ÉDITORIAL
Myope comme une taupe
L’ironie est tellement évidente qu’elle en est risible! Selon le ministre du Patrimoine, Pablo Rodriguez, l’environnement pourrait bien être LA question de l’urne à l’automne (« la question de l’environnement va jouer un rôle important »). Il ajoute : « notre gouvernement a choisi de mettre un prix sur la pollution ». C’est vrai, mais c’est tout : à part la fameuse « taxe carbone », les libéraux de Trudeau ne prévoient rien d’autre… Ah! si : un nouveau rabais de 5000 $ sur l’achat d’un véhicule électrique ou à l’hydrogène… de plus de 40 000 $ et une réduction d’impôt aux entreprises à hauteur de 55 000 $ pour la même raison. Quelle vision à long terme!
S’il n’y avait eu la nouvelle que le Canada se réchauffe deux fois plus vite que le reste du monde, en même temps que le rapport extrêmement critique du commissaire à l’environnement, personne ne semblerait s’étonner que l’environnement soit quasi absent des deux budgets, fédéral et provincial. Comme quoi, on se fout — pardonnez-moi la familiarité — complètement de la parole des jeunes. C’est une véritable gifle quelques jours après que le ministre de l’Environnement a reçu les leaders étudiants du mouvement « La planète s’invite à l’université ».
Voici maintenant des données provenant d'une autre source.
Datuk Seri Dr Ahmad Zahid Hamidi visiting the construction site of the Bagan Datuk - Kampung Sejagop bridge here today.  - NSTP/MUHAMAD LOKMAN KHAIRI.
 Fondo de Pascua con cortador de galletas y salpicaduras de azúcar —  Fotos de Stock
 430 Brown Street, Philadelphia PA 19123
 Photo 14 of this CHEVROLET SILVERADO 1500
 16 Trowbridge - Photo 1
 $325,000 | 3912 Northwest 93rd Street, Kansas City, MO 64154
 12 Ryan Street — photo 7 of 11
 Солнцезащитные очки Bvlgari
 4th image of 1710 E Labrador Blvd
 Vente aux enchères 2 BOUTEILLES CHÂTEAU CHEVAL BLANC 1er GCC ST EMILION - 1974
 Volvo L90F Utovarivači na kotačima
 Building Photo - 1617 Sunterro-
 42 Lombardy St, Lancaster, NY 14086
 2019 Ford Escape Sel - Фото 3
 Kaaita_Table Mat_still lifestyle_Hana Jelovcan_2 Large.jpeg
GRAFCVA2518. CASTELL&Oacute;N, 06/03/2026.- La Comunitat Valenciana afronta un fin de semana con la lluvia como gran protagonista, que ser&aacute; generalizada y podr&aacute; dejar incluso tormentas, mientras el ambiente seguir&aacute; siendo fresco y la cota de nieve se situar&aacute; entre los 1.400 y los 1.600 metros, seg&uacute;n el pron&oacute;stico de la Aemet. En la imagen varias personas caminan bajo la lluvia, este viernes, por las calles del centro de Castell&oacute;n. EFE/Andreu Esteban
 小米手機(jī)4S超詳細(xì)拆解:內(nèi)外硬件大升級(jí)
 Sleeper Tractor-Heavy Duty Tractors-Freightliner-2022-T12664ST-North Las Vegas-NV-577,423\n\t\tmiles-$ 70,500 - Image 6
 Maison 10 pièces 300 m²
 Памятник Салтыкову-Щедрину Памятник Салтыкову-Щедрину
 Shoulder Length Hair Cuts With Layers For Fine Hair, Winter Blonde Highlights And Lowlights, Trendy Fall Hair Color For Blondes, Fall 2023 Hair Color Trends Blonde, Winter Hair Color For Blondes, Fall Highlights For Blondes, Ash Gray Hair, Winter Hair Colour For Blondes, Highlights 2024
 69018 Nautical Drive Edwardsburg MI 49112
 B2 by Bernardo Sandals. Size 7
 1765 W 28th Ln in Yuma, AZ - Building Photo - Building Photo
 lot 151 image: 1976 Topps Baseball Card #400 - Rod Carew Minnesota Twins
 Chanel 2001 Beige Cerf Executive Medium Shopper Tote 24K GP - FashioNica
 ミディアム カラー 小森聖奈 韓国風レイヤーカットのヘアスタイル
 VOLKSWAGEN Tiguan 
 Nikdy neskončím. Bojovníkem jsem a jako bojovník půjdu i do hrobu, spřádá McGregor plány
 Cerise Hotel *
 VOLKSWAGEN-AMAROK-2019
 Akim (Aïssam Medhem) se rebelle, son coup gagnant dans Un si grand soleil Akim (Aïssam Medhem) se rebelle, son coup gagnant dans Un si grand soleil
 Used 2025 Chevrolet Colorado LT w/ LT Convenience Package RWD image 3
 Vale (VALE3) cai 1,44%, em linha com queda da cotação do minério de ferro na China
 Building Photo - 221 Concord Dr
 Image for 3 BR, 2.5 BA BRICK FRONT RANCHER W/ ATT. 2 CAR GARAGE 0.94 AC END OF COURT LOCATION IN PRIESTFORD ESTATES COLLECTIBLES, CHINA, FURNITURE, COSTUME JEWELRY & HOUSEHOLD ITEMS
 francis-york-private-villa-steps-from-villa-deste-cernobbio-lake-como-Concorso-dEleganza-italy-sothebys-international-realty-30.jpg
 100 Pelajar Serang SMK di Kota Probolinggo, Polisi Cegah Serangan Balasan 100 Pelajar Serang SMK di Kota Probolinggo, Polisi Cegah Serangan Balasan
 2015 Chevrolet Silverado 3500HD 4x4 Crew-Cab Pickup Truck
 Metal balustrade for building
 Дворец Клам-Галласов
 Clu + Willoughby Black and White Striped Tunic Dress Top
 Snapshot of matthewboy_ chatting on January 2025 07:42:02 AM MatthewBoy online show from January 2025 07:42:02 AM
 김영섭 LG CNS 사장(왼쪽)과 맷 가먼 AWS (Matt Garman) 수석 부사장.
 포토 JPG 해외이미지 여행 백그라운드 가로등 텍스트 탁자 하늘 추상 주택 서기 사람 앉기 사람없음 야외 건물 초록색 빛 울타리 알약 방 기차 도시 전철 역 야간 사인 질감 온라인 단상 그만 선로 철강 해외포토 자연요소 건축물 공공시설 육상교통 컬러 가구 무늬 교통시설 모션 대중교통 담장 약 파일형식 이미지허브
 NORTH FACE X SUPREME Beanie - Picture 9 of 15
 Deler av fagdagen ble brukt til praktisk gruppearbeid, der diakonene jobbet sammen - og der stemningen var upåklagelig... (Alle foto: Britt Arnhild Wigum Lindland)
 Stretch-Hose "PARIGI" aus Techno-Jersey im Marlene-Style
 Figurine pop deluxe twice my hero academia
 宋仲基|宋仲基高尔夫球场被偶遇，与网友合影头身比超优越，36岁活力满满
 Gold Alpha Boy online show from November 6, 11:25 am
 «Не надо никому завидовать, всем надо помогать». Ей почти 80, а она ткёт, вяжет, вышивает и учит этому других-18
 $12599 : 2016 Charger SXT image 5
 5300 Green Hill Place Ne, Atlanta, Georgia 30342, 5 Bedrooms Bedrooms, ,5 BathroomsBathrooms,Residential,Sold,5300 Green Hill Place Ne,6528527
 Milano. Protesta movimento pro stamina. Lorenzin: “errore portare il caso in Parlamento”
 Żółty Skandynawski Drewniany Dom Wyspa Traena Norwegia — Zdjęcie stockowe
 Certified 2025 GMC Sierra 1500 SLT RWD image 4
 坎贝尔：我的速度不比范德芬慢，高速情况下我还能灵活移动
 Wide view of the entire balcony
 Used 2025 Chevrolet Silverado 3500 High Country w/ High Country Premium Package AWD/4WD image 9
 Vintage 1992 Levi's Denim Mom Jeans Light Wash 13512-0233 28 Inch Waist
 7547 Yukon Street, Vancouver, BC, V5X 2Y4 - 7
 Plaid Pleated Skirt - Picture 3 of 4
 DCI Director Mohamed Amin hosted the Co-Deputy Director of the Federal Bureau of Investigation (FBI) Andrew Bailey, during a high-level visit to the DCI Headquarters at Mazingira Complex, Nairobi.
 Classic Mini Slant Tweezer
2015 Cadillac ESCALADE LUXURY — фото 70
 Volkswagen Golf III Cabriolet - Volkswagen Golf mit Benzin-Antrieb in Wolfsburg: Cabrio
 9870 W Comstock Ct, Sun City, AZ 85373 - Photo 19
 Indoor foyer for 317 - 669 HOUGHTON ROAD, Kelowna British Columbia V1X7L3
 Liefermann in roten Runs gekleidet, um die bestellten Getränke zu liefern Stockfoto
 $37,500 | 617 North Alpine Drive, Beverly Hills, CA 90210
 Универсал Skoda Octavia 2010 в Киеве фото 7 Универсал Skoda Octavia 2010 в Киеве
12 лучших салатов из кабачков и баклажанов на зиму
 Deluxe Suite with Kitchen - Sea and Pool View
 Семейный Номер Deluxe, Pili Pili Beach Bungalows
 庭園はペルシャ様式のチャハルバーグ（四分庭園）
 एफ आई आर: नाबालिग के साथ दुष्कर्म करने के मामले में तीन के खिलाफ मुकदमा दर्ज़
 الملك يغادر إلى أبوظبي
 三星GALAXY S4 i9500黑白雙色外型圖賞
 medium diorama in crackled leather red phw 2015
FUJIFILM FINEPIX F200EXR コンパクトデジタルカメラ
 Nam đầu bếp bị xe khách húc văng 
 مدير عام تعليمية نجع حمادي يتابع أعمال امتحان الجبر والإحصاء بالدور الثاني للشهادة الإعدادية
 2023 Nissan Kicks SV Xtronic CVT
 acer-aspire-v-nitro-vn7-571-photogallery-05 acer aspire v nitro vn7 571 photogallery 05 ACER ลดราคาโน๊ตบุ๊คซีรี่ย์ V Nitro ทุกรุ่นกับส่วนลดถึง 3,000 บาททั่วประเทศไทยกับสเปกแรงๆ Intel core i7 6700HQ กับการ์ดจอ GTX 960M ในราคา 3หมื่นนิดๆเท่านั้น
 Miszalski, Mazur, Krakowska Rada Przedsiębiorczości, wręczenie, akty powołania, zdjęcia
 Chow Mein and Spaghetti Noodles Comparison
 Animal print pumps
Ainsi, au niveau provincial, la situation est hallucinante, alors que les surplus n’ont jamais été aussi importants depuis dix ans! Un chiffre peut résumer cela : 0,21 %. C’est la part des dépenses du gouvernement du Québec pour l’environnement. Contre 50 % pour la santé et 23 % pour l’Éducation. Moins que le tourisme. Certains rétorqueront que les moyens dévolus à l’environnement sont dans d’autres ministères (Ressources naturelles, Transports, Affaires municipales, etc. voire chez Hydro Québec, à en croire leur dernière publicité). Présentement, les caquistes prévoient d’investir 1,3 milliard sur six ans contre les changements climatiques, soit environ 250 millions par an. Au programme, quatre dispositions au budget à peu près égal : la lutte contre la pollution due à l’activité humaine; la prime à l’achat d’une voiture électrique (mesure reconduite, mais qui termine en 2020); l’accompagnement des entreprises dans leur transition énergétique; enfin, la décontamination de « terrains stratégiques » (?) et à la construction d’infrastructures destinées aux « entreprises innovantes » (?). Le lien avec l’environnement reste à déterminer sur ces deux derniers points. Quid d’une franche réduction des tarifs de transport public, ou pourquoi pas la gratuité pour les moins de 21 ans? À quoi servent les 18 milliards du Fonds des générations? Le tramway à Gatineau? On préfère construire des autoroutes, bien sûr, comme le « troisième lien » entre Québec et Lévis.
Au fond, ni Legault ni Trudeau n’ont compris que les problématiques sont interconnectées et la situation radicale, que les solutions doivent donc toucher tous les domaines et être tout aussi radicales : ressources naturelles, transport, gestion des déchets, construction, biodiversité, industries, justice sociale, éducation, culture, santé, agriculture ou droits des animaux… L’Organisation internationale du Travail a calculé que la réduction des gaz à effet de serre pourrait créer quatre fois plus d’emplois qu’elle n’en détruirait… Et cela fonctionne d’autant mieux que le pays en questions dépend moins des énergies fossiles. Comme le Québec. Une autre bonne raison de changer rapidement de paradigme, oui, radicalement. Mettons l’écologie au cœur de nos préoccupations.